The Tory approach was simply to stifle the arts by cutting off as much funding as it could, but Labour's approach has been more insidious: the Arts Council - set up to be independent and at arm's length from government--is increasingly acting as a state agency, implementing the policy of an administration that sees no intrinsic value in the arts themselves.

In theatre, projects are increasingly assessed not on their artistic merits but on their measurable outcomes, whether it is preventing teenage pregnancy or contributing to social or economic regeneration. The arts are no longer valued for themselves, but only for what they can contribute to government policy. They have been rebranded as cultural industries whose value must be measured and weighed. This week saw
an announcement of the Arts Council's priorities for 2006-8, which include participation, celebrating diversity, children, the creative economy, vibrant communities and internationalism.

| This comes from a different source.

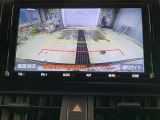 ディスプレイに後方の視界を表示し、車庫入れをサポート「距離目安線」「車幅延長線」およびステアリング操作に連動する「予想進路線」を画面に表示します。※必ず車両周辺の安全を直接確認してください。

I can't argue with any of those, but what I would question is whether it is up to the Arts Council to be setting "the agenda", as Sir Christopher Frayling, Chair of the Arts Council, calls it. Artists are increasingly tired of the tick-box culture that decides who does and who doesn't get the money, and what kind of art can, and cannot, be made.

Her overall point, about how theatre companies get more grants for "educational" projects than for anything else, and how that can skewer them away from the work they should be doing, couldn't be more relevant here as well.

3 comments:

Anonymous said...

Couldn't agree with you more, Playgoer. This is a terrible development, and part of the "No Child Left Behind"-ization of our entire culture. Nothing has value unless it generates concrete, measurable results, and no one and nothing is to receive a dime of public funding unless there's a system of so-called accountability in place.

But theaters don't make widgets. Butts in seats, or stringent fiscal controls, or any other "result," don't adequately measure artistic excellence, any more than good scores on standardized tests measure rounded, humanistic educations. Theaters are already under pressure to make work that's fundable rather than artistically necessary; this will only make things worse. And the leadership strata of institutional American theater, already characterized by a scarcity of practicing artists in its ranks, will only grow more wonkish, until an MBA will be a necessary prerequisite for an Artistic Directorship.

Unfortunately, it's unlikely that anyone will stand up and yell about this -- where's Joe Papp when you need him? -- out of sheer fear of retributive funding cuts. So keep on calling it out: we need you!

Anonymous said...

wow, great post. and great blog! i'll be here reading!

Village Green said...

Once you sign yourself up to beg for your share of the government's arts-designated funds, you gain some stability and lose a whole lot of independence. And that stability may only be temporary. What the government giveth, the government can take away.

Yes, I'd love to designate that my tax dollars go to support theatre rather than blowing Iraq and its citizens to bits. But it never works out that way.

As for the increased designation of funds to support theatre that has a message -- at least the powers that be finally recognize that live theatre has some usefullness. The trick is to devise a project that adds value to the community without devaluing the artistry that goes into creating the project.